-- Opening Marker --

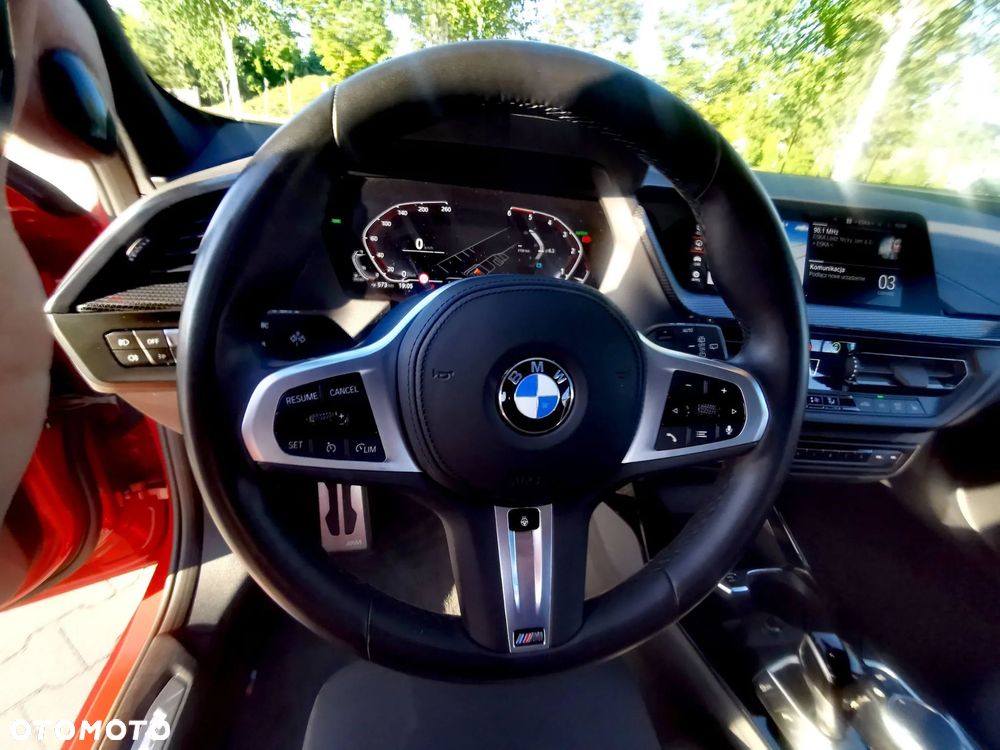 BMW Seria 1 120d xDrive - 12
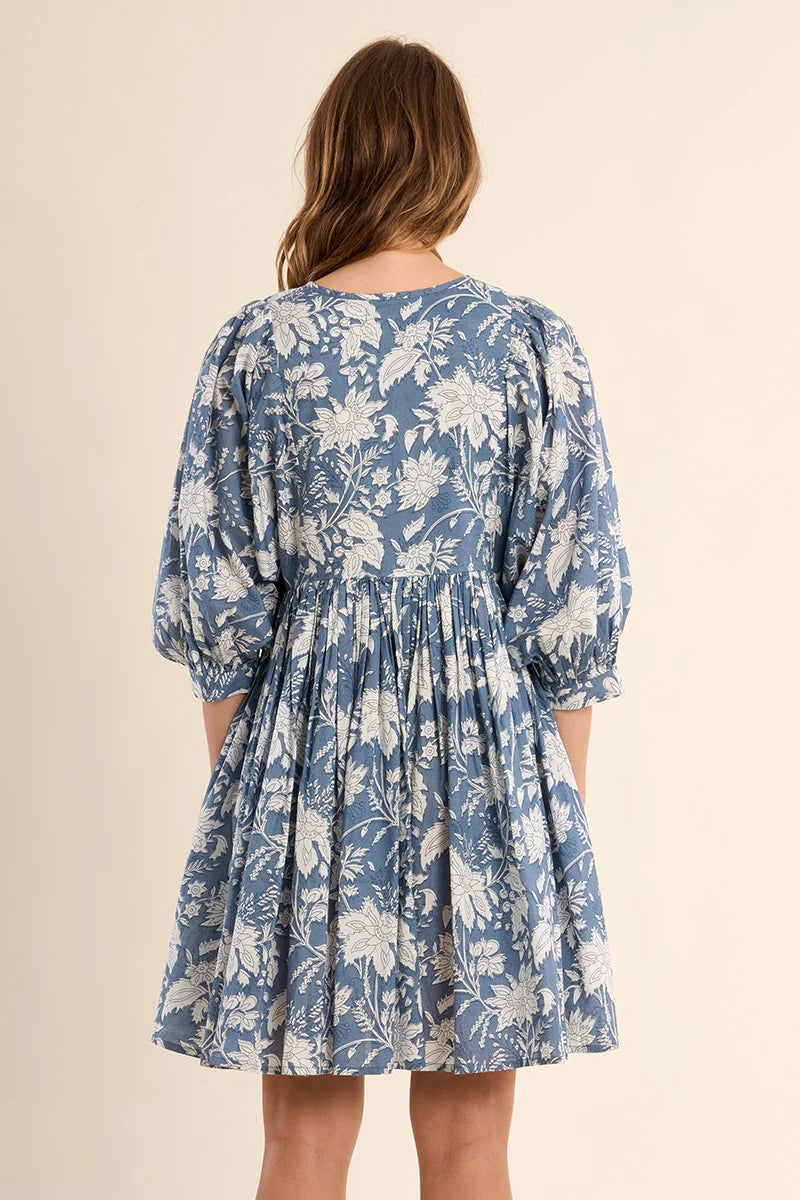 Bloom Cotton Dress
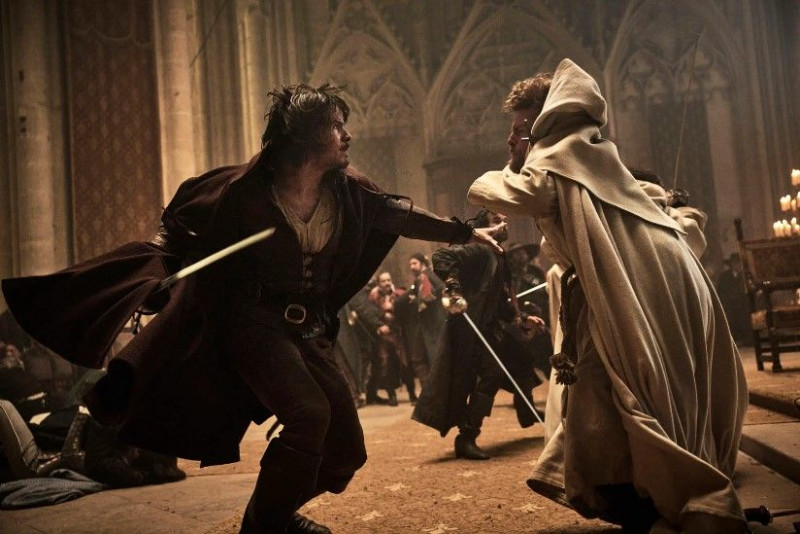 Cinema’s undying love for Dumas and his Musketeers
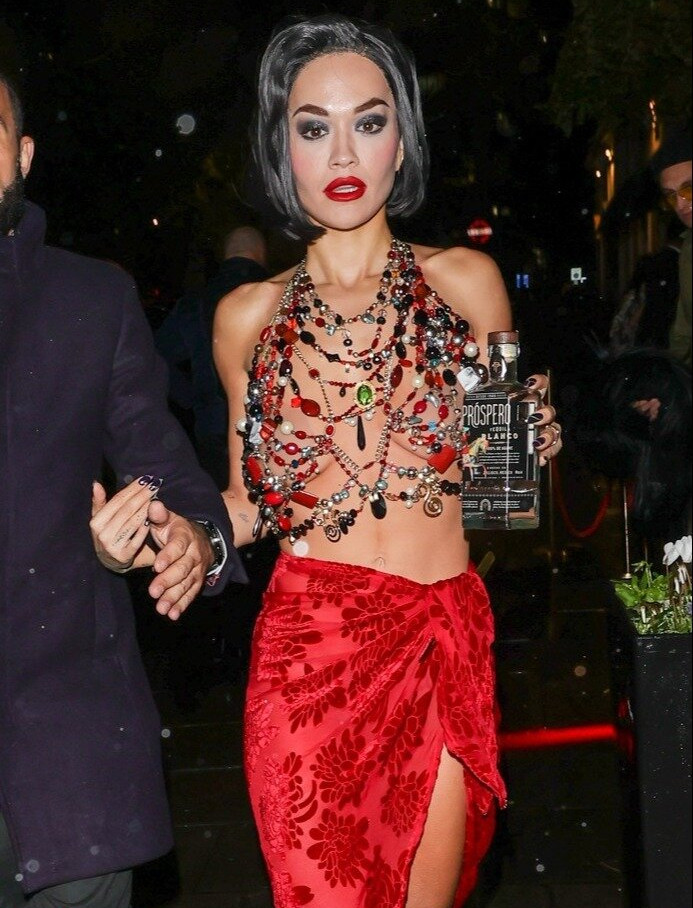 rita-ora Nude Leaks OnlyFans Photos #5125 - LeakJerk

-- Closing Marker --

Everything in the data except the pictures must be retyped exactly.

 BMW Seria 1 120d xDrive - 12
 Bloom Cotton Dress
 Cinema’s undying love for Dumas and his Musketeers
 rita-ora Nude Leaks OnlyFans Photos #5125 - LeakJerk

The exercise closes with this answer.